Si comincia con uno spazio bianco. Non dev’essere necessariamente carta o tela, ma secondo me dev’essere bianco. Noi diciamo bianco perché abbiamo bisogno di una parola, ma la definizone giusta è «niente». Il nero è l’assenza della luce, ma il bianco è l’assenza della memoria, il colore del non ricordo.
Come ricordiamo di ricordare? È una domanda che mi sono posto spesso dopo Duma Key, spesso nelle ore piccole della notte, perdendo lo sguardo nell’assenza della luce, ricordando amici assenti. Certe volte in quelle ore piccole penso all’orizzonte. Bisogna stabilire l’orizzonte. Bisogna segnare il bianco. Un atto abbastanza semplice, direte, ma ogni atto che rifà il mondo è eroico. O così sono giunto a concludere.

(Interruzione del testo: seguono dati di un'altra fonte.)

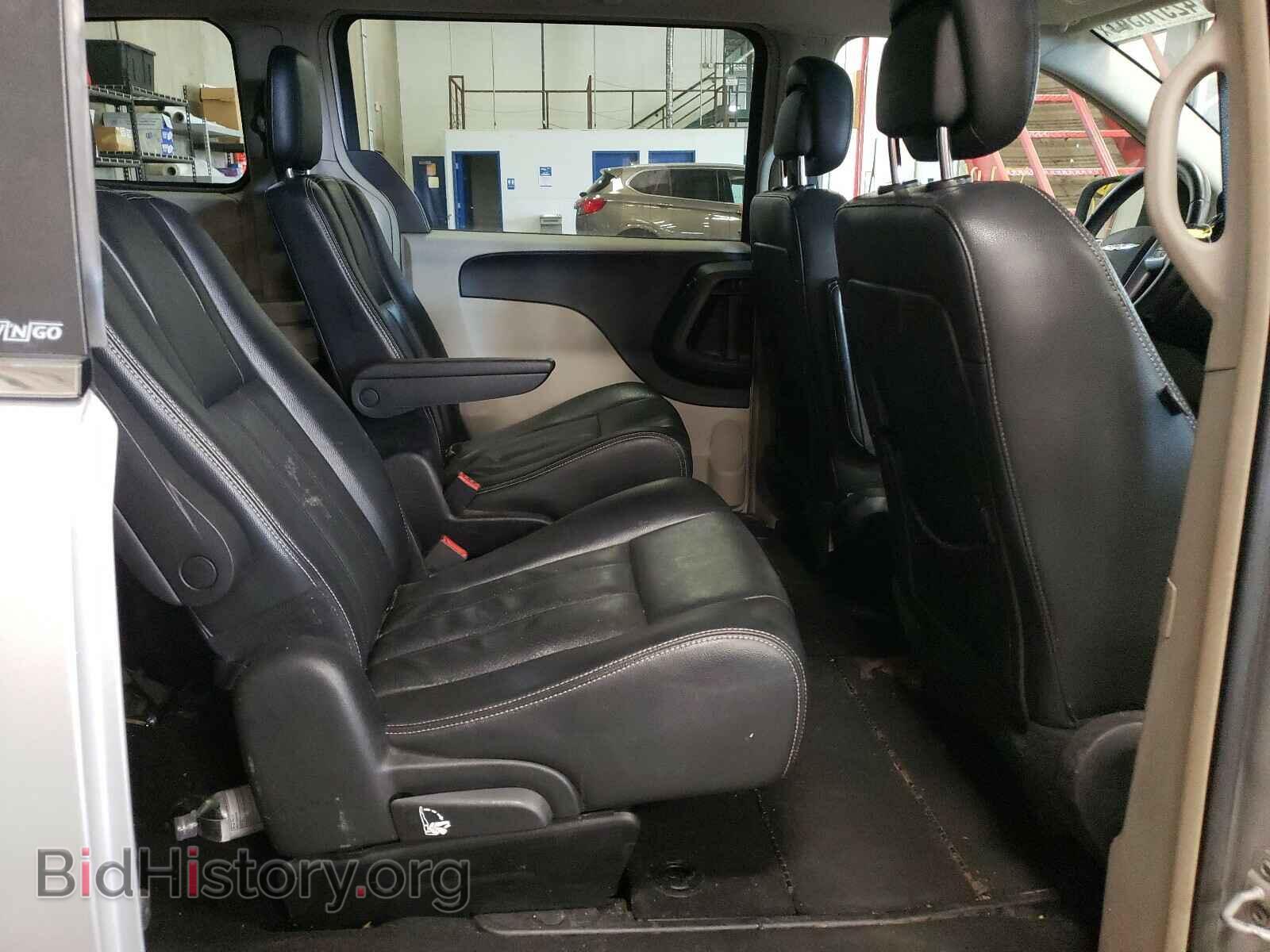 2012 CHRYSLER MINIVAN - VIN: 2C4RC1BG1CR232308 - Photo 6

[Ho cominciato due post ieri sera, uno personale e uno tecnico; mi sembrava di avere delle cose interessanti da dire, e ci tenevo a dirle. Poi, ad un certo punto, mi sono fermato e ho riletto le frasi, e mi sono detto “Embè? E allora?”. E niente, ho cancellato entrambe le volte il testo, rimanendo con la textarea di inserimento completamente bianca. Vuota. Mi è venuto in mente l’incipit di Stephen King in Duma Key, e ci ho riempito il bianco di cui sopra. E questa cosa potrebbe spiegare un po’ il perché delle quadre, penso.]